Film de Sergei Loznitsa – 1h58 – France, Allemagne, Pays Bas, Lettonie, Roumanie, Lituanien – VOST
Les occasions de rire devant un film de Sergei Loznitsa sont rares. Raison de plus pour apprécier la blague soviétique racontée par le directeur de la prison de Briansk à son adjoint dans Deux Procureurs : « Deux bolcheviques se souviennent de leur jeunesse : “Que faisiez-vous avant la révolution ? — J’attendais en prison. — Et après la révolution ? — La prison m’attendait.” » Nous sommes en 1937. En URSS, la Grande Terreur stalinienne est à son apogée. Les militants les plus zélés du Parti communiste sont arrêtés par dizaines de milliers pour être conduits devant le peloton d’exécution ou au goulag. L’un d’eux, Stepniak, a réussi, depuis sa cellule, à transmettre un message (écrit avec son propre sang) pour raconter son calvaire et demander justice. Kornev, un jeune procureur tout juste diplômé, demande à le rencontrer derrière les barreaux pour recueillir son témoignage, en dépit des menaces à peine voilées des autorités pénitentiaires…

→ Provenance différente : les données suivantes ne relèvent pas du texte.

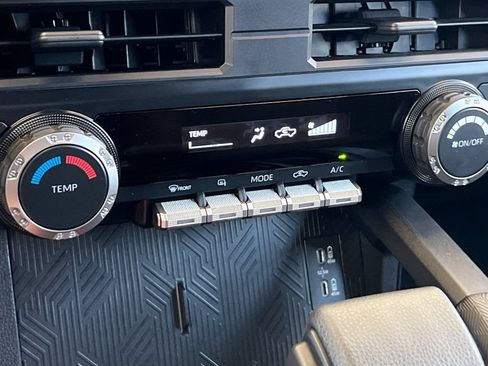 Certified 2025 Toyota Tacoma SR5 AWD/4WD image 23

Le cinéaste ukrainien, grand metteur en scène de l’espace, transforme la prison en un labyrinthe infernal où le magistrat sûr de son bon droit semble tourner en rond, conduit par les geôliers réticents d’escaliers en corridors, de sas en plateformes, avec chaque fois une grille à ouvrir puis à reverrouiller dans un claquement métallique sinistre. Le cadre au format carré, le plan fixe généralisé, l’absence de couleurs vives (à l’exception du rouge sang) renforcent le sentiment d’oppression. On pense bien sûr à Kafka devant cette fable cauchemardesque sur le règne de l’arbitraire, où tragédie et grotesque se mêlent. Mais Loznitsa, comme dans Une femme douce (2017), l’un de ses précédents grands films de fiction, emprunte aussi à Gogol pour évoquer le petit peuple russe, symbolisé par un mutilé de guerre bavard. Ce personnage, lui aussi vétéran de la révolution, fait d’autant plus écho à celui du détenu Stepniak qu’il est interprété par le même acteur, le formidable Alexander Filippenko. Face à lui, Aleksandr Kuznetsov, avec son regard candide, bouleverse en procureur intègre, victime de son idéalisme révolutionnaire, sinon de sa naïveté. Un « idiot » au sens noble du terme, comme les magnifiait Dostoïevski.